“The Key to the North” – this was how generations of English Kings and politicians regarded Pontefract, lying as it did at a strategic point on the Great North Road, since Roman times the main highway and artery of communication between the English Midlands, Southern Counties and the often rebellious North.
It was the Norman invaders who, in the 11th century, transformed land to the north east of the little Anglian village of Tanshelf into a major military and civilian settlement, supporting a mighty Norman castle to subjugate the North.
It is said that the name “Ponte-fract” meaning literally in Norman French “broken bridge” came from a wooden or perhaps even stone bridge over the River Aire a couple of miles away, probably somewhere near modern Ferrybridge where the Wash Dyke joins the Aire. Legend has it the bridge was deliberately destroyed by the rear-guard action of Jorvik (Yorkshire) Anglo-Viking soldiers in 1068, resisting the ruthless Norman army destined to carry out the burning of York in the genocidal Harrying of the North.
The Castle was both a symbol of that military domination and the political centre of local baronial power, built to enforce the authority of the Norman overlords.
It was built around 1070 by Ilbert De Lacy, close confederate of William the Conqueror who granted De Lacy huge areas of land in the so-called Honour of Pontefract, extending right across the South Pennines. The castle was extended and added to over the centuries to become one of the greatest and most feared castles in England. It was within its walls that King Richard II was imprisoned and died in 1400. The castle was served by a small garrison town and market which took the name Pontefract from the castle. For centuries the De Lacys remained a hugely powerful family. In 1215 John de Lacy, Baron of Pontefract was one of the 25 Barons to sign the Magna Carta, a fact still celebrated in the town.
Even during the English Civil War, the castle remained impregnable, surviving two Parliamentary sieges before finally succumbing, in 1649, three months after the execution of Charles I. With the support of many of the townspeople of Pontefract who saw the castle as a symbol of military oppression, and who petitioned Parliament, Cromwell’s men were ordered to “slight” or destroy the castle, leaving it the ruin we see today, with only a couple of towers left partly standing plus a dungeon. Now, managed by Wakefield Council, the Castle ruins form a fascinating place to visit, with a powerful sense of history and a place to relax with magnificent views across the town and the lower Aire valley.

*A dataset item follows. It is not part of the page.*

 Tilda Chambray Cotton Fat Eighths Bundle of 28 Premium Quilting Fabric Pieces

Because of its strategic position on the Great North Road – the highway we call the A1 (which now by-passes the town) – by Tudor and Georgian times, Pontefract soon became an important market and trading centre, with many fine coaching inns, several of which survive today in the town centre. The fine neo-classical Town Hall dates from 1785, whilst the adjacent Assembly Rooms, where the fashionable attended elegant balls and soirees, was built in 1882
Industry was growing in and around the town at this time, including the large-scale manufacturing of sweets, most intriguingly because of the importance in the local economy of a herb from the Mediterranean first introduced in the town through local Dominican monks in the 12th century – liquorice. Sweets made from liquorice grew from a niche product to a hugely popular Victorian treat, with dozens of local farms growing the root for the new companies that grew in the town such as Bassets, Wilkinsons and Dunhills, producing such national favourites as Pontefract Cakes and Liquorice Allsorts on a huge scale, a tradition continued in the town by the international manufacturer Haribo.

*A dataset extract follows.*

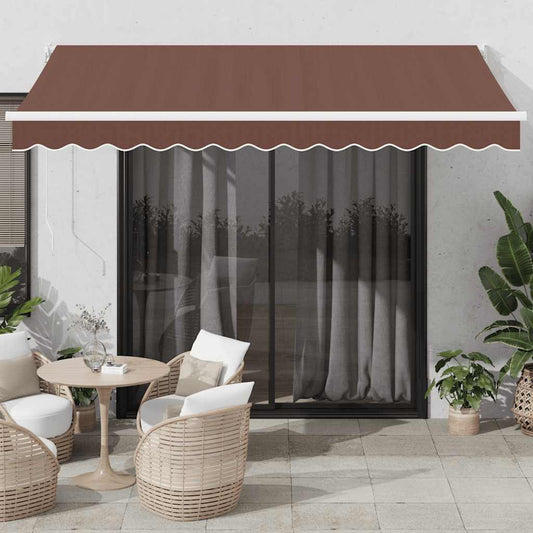 Tenda da Sole Retrattile Automatica Marrone 350x250 cm - homemem39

But in the 19th and 20th centuries another major industry was soon to surround Pontefract – coal mining, the town lying on the rich Yorkshire coalfield. This cheap form of energy also encouraged the growth of the glass making industry which even after the decline of mining flourishes in nearby Knottingley. The town was now a busy centre of manufacturing and mining and its character inevitably changed with much badly thought through unsightly development in the 1950s and 60s, together with the demolition of many historic buildings and an intrusive new relief road to the west of the town.
But in the last few decades, things have changes dramatically. Thanks to the work of Pontefract Civic Society and more sympathetic local authorities and government agencies such as English Heritage, many of the town’s fine surviving buildings such as the Buttercross and Parish Church have been restored, and streets in the central areas with such evocative names as Micklegate, Beast Fair, Shoe Market and Cornmarket, carefully pedestrianised to restore a sense of scale to be enjoyed in a traffic free environment. As well as a covered Market Hall, the historic Wednesday street market flourishes too. Many of the ancient alleyways or ginnels now boast specialist shops and popular eateries, whilst the elegant courthouse or Sessions House now contains antique shops and a popular first floor café and coffee shop.
Pontefract’s small but very informative Museum is housed in an art-nouveau building, itself of architectural interest, with exhibits relating to the Civil War and past industries such as medieval pottery, the early liquorice cultivation and glass making, as well as more recent developments.
Members of The Yorkshire Society’s Heritage Guardian network will be enjoying a unique insight into Pontefract’s amazing history on March 23rd with a special Heritage Guardian summit event of talks and networking, with a rare chance of a guided tour round the historic Town Hall and Assembly rooms and Pontefract’s historic town centre.